# MRV without subscription



## Phillip Chapman (Sep 9, 2003)

I have a subscribed hacked Phillips 7000. I'm considering adding another DirecTivo in another room.

Is it possible to use the second unit if hacked for MRV from the first unit without a subscription? Would it require a connection from DirecTV? Obviously this would only be used for downloading shows from the first unit and possibly MP3/photo viewing from the network.


----------



## David Platt (Dec 13, 2001)

With MRV on stock SA TiVos, both units have to have a subscription. With two hacked DirecTiVos, though, what you want to do will work just fine.


----------



## Phillip Chapman (Sep 9, 2003)

Thanks for the confirmation David.
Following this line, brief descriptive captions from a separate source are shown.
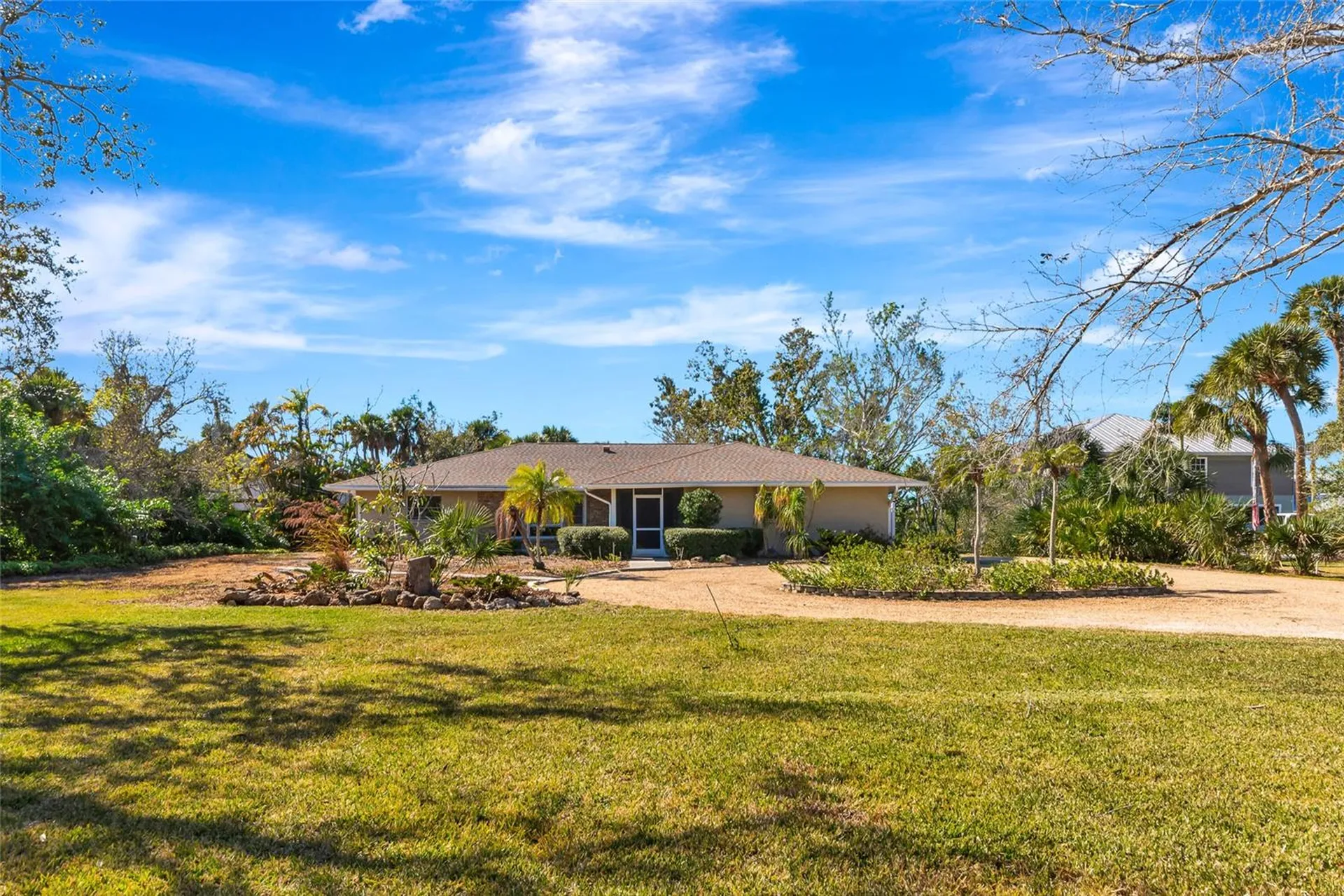 950 Oxford Drive Englewood FL 34223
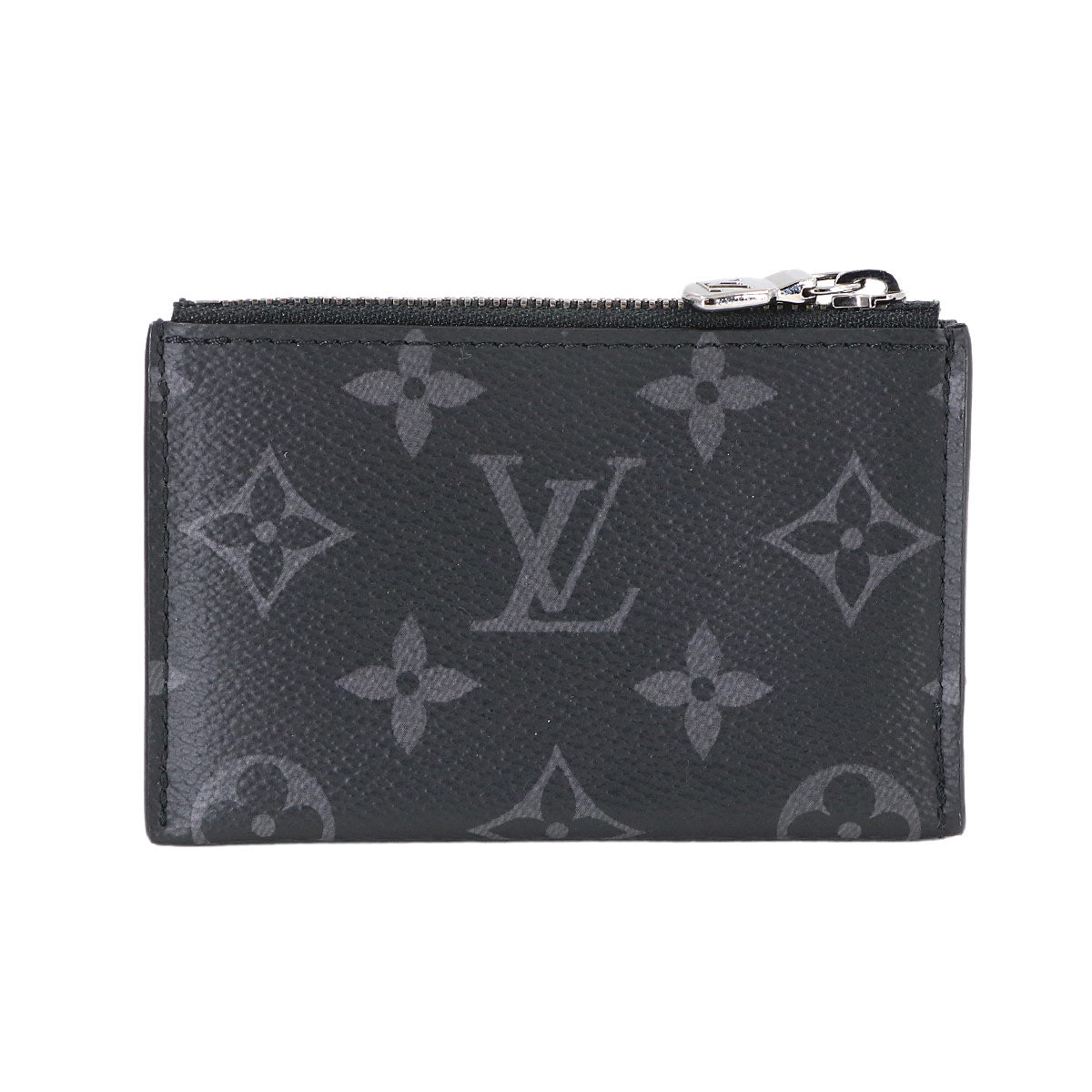 Monogram Eclipse Coin Card Holder M82253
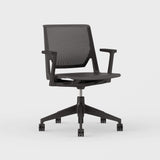 Very Conference Chair - BP04741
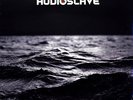 Audioslave - Out Of Exile 2x LP Blue Vinyl NEW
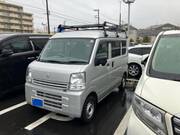 2024 SUZUKI EVERY PA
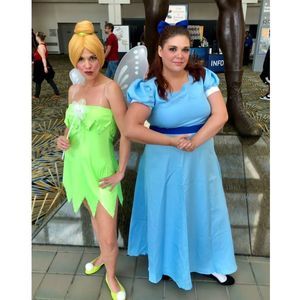 Meet your Posher, Brandee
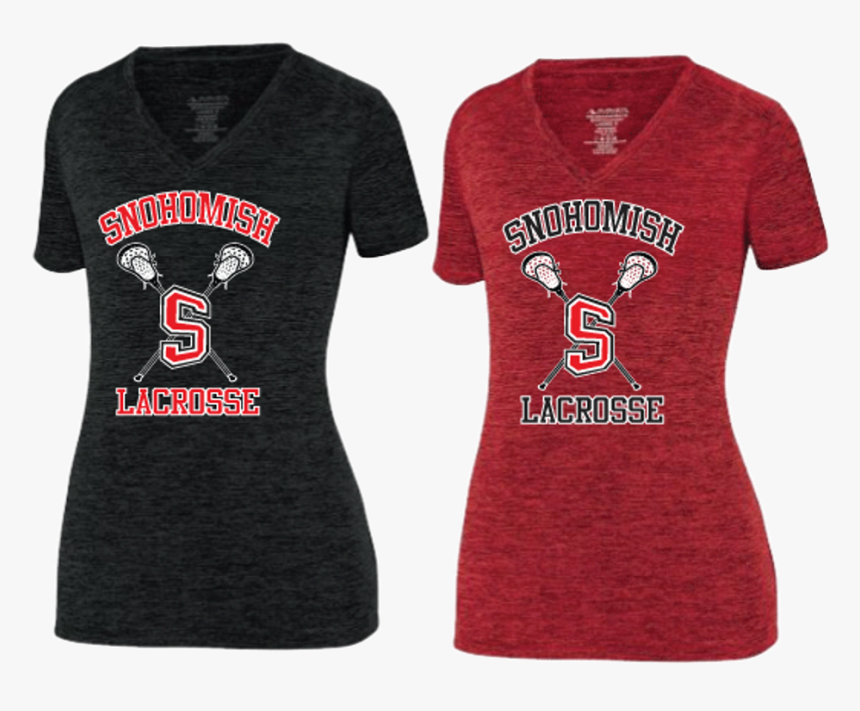 Active Shirt, HD Png Download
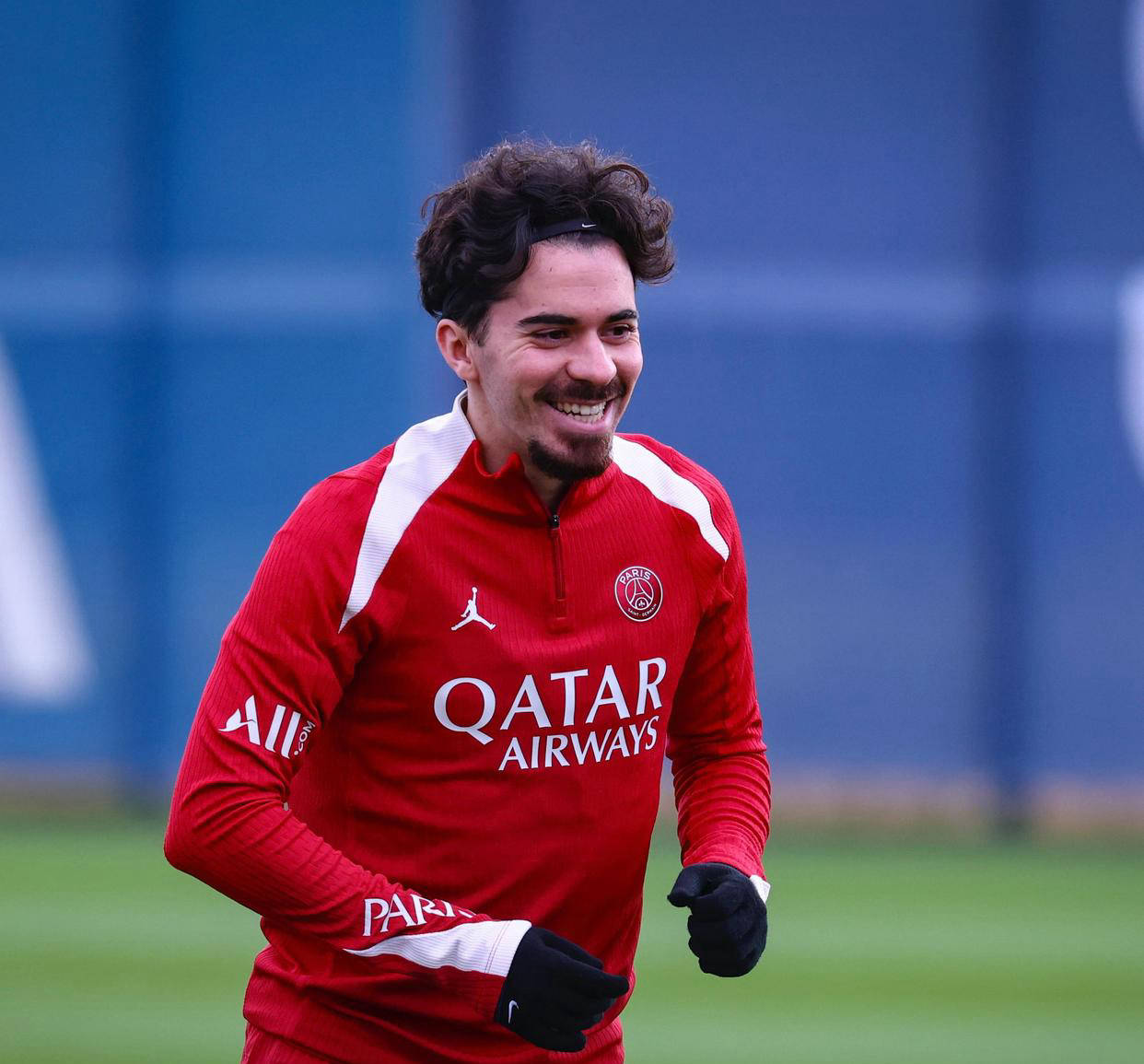 摩纳哥遭遇巴黎圣日耳曼惨败,法甲冠军前途蒙尘的简单介绍 摩纳哥遭遇巴黎圣日耳曼惨败,法甲冠军前途蒙尘的简单介绍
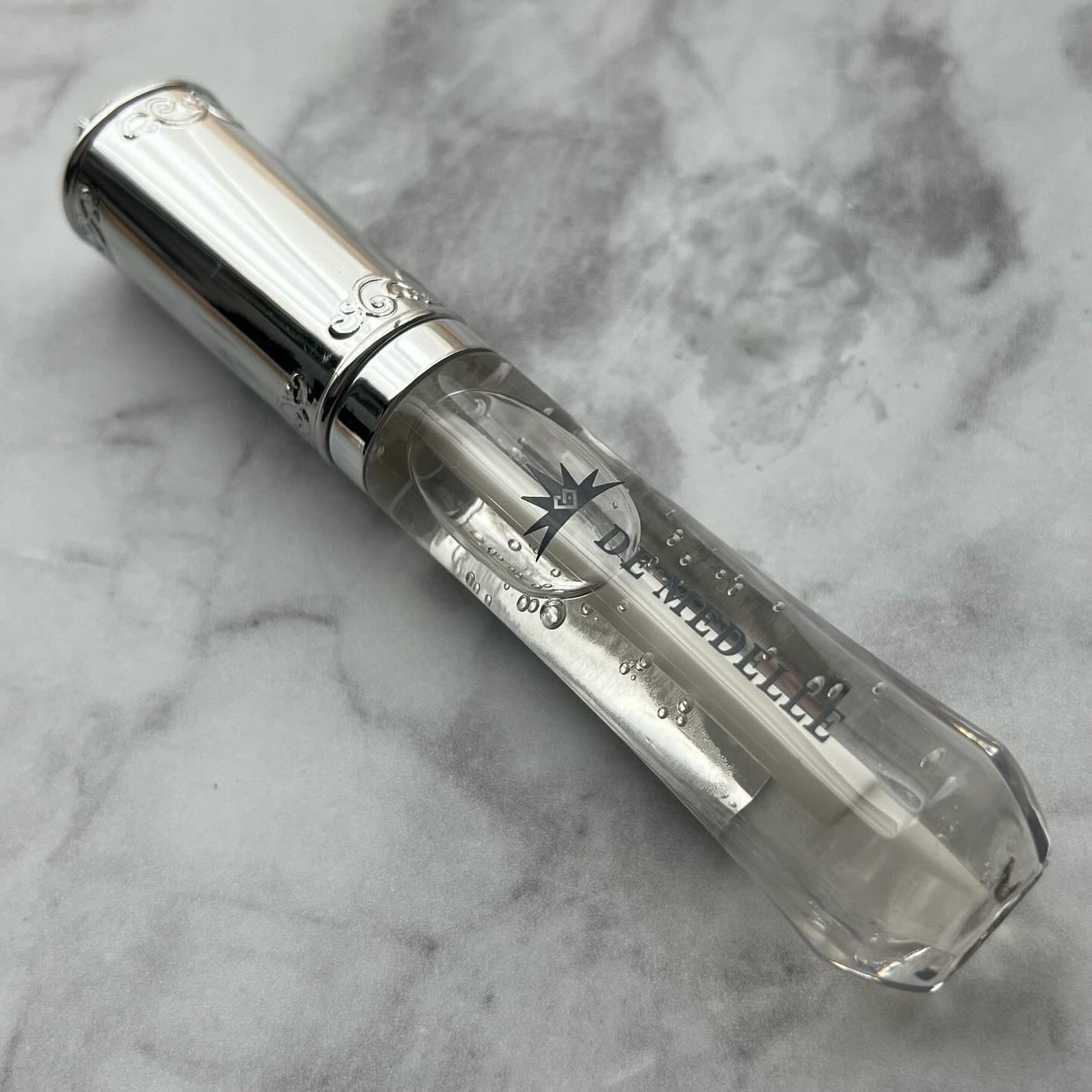 DE MEDELLE まつげ美容液/médelle/その他スキンケアを使ったクチコミ(5枚目)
Much appreciated.


----------



## GusMan (Nov 16, 2004)

Along the same lines, would the same thing work if I had a hacked, subbed, DTivo and a hacked, unsubbed SA S2? 

I have the SA S2 unhacked right now, but if this could be done, this would be great use of older hardware.


----------



## classicsat (Feb 18, 2004)

The Series 2 needs subbed, since MRV is a paid feature on it.


----------



## MarkF2 (Jan 5, 2006)

OK - I have a hacked (Zippered) DTivo (now unsubbed since I cancelled my Sat service) and a hacked (Sappered) SA DT Tivo that is subscribed. I can't seem to get these 2 to share files for MRV. Is this even possible and if so what am I missing?


----------